Bryan Lake is a sound designer and a musician. He publishes sound design tutorials and sound libraries on his website Sound Author.


  1. Just hope you never need customer service. Sonivox ranks the worst of any company I’ve dealt with, music or not. I’ll never use another Sonivox product.

    • I received a response in less than twenty four hours after asking for assistance regarding the installation of Film Score Companion. Perhaps things have improved since 2015.

  2. Big Bang Percussion crashes CONSTANTLY. Also, there is a bug in the other instruments where when recording in Pro Tools the track you’re recording to has to be physically selected, and you cannot have “loop playback” enabled or else the software will not work. The sounds are great for the money but the software just isn’t there unfortunately. I have also sent in two customer service requests in the past week and have not heard back.
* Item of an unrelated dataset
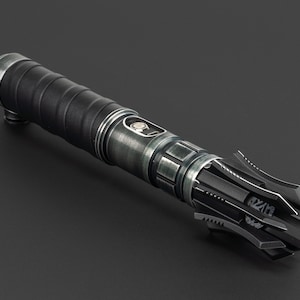 K&ouml;nnte beinhalten: Ein schwarzes und silbernes Lichtschwert mit einem detaillierten, komplizierten Design. Das Lichtschwert hat einen schwarzen Griff und eine silberne Klinge mit einer scharfen Spitze.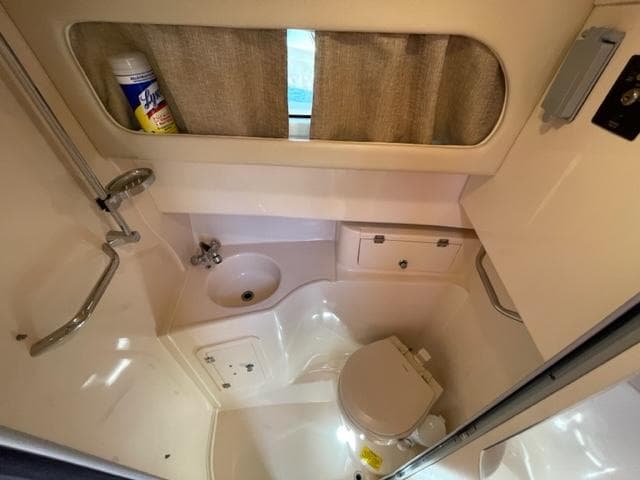 2017 Grady-White Marlin 300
  3. I love the sound of orchestral companion strings (the only one of these I have), but it’s pretty much useless to me in my productions now, because the amp envelope is garbage. I can’t get any kind of sustained release time out of these strings, no matter which setting I use. the release time value only goes up to “20”, which i must assume means milliseconds, because that’s what it feels like. anyone else experiencing this? I really need some nice lush strings and while these sound great, they just won’t do if they don’t have any kind of release time.

  4. Yes the Amp envelope is broken and makes this library useless. Whenever you release the key, there is and audible pop. It becomes more obvious when raising the Attack value. Good thing I got it for 1 dollar form Pluginboutique…

  5. I have just bying Sonivox Filmscore Orchestra Pack, but the sound is bad. Many years ago would sound prbadly to be ok, but today? No, so dont by the program, it is waste of money.

    You can get sounds there are the same quality or better for free, excample can you get Sonatina for free … so I can´t recommend anybody to bying Sonivox Filmscore.

    • I’ve used both and found Sonatina to be garbage. It sounds far too plasticky and legato runs end up sounding fake, whereas I found the Sonivox Film Score Companion to be superior on both.